Так в мою жизнь вошел Николай Дмитриевич Кузаков, мой СТАРИК, мой Учитель. Он вошел со своими словами: чепушатина, до черного пота, невдогляд, беспроклый, вытропить, соболятничать, медвежало, гордачливый, изнапраслина, ознобень, разнемога, непутя'вка и многими-многими другими, которыми изобиловало его образное, богатое, изумительно-прекрасное северное наречие. Но главным его словом применительно ко мне было слово «старик», хотя мне в ту пору не было еще и тридцати.

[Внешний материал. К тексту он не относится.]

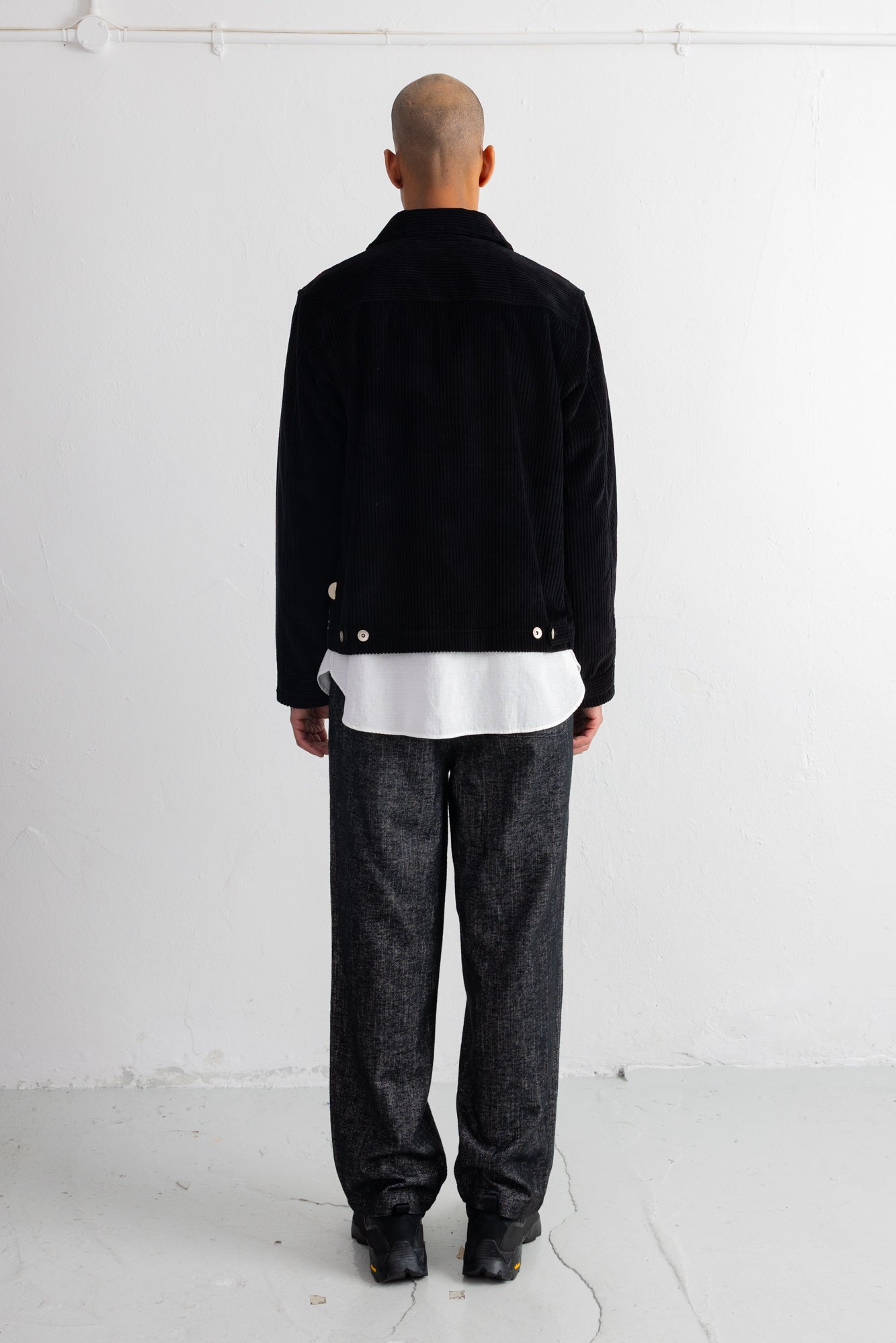 A man viewed from behind wearing a black jacket over a white shirt, paired with dark gray textured trousers and black shoes, standing against a plain white wall.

Не знаю, почему так случилось. И не могу припомнить, чтобы он называл меня по имени. Старик да Старик. И для меня он, в то время совсем еще молодой мужчина, едва перешагнувший полувековой жизненный рубеж, тоже стал Стариком. Навек моим! Хотя, кроме как по имени-отчеству, я его никогда не называл. А потом я прочел его повесть «Именной карабин» и понятие Старик по отношению к моему литературному отцу и учителю укрепилось во мне навсегда. Потому, что в этой небольшой, с незамысловатым сюжетом повести я вдруг увидел в кузаковском герое-охотнике того, хемингуэевского героя-рыбака из повести «Старик и море». Точно таким же могучим накалом любви человека к жизни, к отрицанию ветхости и бессилия озарено произведение дедушки Хэма, как и повесть Кузакова.